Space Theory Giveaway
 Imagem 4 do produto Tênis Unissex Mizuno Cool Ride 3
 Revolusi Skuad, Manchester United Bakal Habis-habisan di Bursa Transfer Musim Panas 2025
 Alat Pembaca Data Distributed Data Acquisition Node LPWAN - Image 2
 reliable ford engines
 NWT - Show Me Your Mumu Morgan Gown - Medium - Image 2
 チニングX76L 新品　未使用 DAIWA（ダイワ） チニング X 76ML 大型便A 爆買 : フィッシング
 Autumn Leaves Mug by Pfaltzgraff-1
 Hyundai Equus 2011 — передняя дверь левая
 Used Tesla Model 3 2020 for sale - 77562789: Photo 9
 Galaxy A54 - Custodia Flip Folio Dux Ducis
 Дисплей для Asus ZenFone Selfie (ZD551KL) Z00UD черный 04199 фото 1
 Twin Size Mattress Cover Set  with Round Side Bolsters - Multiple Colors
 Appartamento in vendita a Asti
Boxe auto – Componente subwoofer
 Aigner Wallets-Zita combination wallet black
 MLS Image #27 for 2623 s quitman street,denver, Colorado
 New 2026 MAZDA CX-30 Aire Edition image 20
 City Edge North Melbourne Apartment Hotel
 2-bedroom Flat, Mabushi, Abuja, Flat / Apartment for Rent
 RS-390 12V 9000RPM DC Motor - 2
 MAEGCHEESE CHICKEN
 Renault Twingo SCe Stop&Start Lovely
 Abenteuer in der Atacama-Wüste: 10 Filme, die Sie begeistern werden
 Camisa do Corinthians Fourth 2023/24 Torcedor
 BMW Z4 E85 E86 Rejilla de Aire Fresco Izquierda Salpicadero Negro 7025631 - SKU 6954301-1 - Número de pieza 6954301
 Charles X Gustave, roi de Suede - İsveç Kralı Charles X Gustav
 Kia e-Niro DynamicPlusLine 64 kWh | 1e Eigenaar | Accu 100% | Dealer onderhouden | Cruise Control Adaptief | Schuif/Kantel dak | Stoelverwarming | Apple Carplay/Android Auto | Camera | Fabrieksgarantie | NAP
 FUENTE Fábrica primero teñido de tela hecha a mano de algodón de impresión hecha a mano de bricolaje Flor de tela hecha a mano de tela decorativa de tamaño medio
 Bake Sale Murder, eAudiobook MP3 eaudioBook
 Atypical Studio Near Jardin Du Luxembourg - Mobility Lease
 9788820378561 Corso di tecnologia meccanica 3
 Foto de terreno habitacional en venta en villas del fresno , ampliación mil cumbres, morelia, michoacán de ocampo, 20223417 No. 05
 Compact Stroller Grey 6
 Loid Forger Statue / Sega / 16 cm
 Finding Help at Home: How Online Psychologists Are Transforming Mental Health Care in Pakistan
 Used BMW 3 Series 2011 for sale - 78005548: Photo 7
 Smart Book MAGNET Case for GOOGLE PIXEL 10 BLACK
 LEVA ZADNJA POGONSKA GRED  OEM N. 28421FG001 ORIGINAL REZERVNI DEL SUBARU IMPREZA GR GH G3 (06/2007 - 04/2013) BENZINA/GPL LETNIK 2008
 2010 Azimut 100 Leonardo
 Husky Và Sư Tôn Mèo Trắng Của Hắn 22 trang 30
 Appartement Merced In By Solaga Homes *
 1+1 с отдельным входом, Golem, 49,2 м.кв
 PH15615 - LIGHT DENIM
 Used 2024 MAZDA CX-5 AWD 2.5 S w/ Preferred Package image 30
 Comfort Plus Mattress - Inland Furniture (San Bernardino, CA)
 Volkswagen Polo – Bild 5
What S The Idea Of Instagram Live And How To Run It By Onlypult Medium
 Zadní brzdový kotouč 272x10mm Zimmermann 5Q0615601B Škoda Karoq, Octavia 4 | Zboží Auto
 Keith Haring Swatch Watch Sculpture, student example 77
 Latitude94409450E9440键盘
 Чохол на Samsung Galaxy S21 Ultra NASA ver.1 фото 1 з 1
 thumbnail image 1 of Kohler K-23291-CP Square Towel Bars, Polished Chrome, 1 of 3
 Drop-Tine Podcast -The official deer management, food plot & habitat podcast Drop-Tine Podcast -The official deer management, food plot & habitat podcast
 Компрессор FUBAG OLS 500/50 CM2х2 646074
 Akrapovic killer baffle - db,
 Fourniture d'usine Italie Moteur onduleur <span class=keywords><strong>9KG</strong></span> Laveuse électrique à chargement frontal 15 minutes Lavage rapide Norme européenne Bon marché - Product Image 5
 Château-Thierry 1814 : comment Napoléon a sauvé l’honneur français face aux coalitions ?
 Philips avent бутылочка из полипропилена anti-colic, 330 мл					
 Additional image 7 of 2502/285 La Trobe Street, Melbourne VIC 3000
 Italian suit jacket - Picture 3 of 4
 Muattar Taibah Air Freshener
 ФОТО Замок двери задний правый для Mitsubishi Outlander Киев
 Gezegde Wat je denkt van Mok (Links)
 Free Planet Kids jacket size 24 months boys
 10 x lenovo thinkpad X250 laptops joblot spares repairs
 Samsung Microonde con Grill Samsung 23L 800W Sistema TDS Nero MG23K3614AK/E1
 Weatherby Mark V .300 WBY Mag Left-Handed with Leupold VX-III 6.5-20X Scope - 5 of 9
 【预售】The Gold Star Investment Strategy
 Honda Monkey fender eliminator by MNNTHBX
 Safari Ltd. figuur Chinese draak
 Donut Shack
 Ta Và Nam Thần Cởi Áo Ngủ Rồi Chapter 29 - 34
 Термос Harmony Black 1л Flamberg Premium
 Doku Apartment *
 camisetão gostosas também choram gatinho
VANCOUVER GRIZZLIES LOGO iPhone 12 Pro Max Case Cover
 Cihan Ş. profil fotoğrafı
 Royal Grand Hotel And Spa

■ ASSIGNMENT: Reproduce every line of the material above that has the string "Case".

■ ANSWER:
 Smart Book MAGNET Case for GOOGLE PIXEL 10 BLACK
VANCOUVER GRIZZLIES LOGO iPhone 12 Pro Max Case Cover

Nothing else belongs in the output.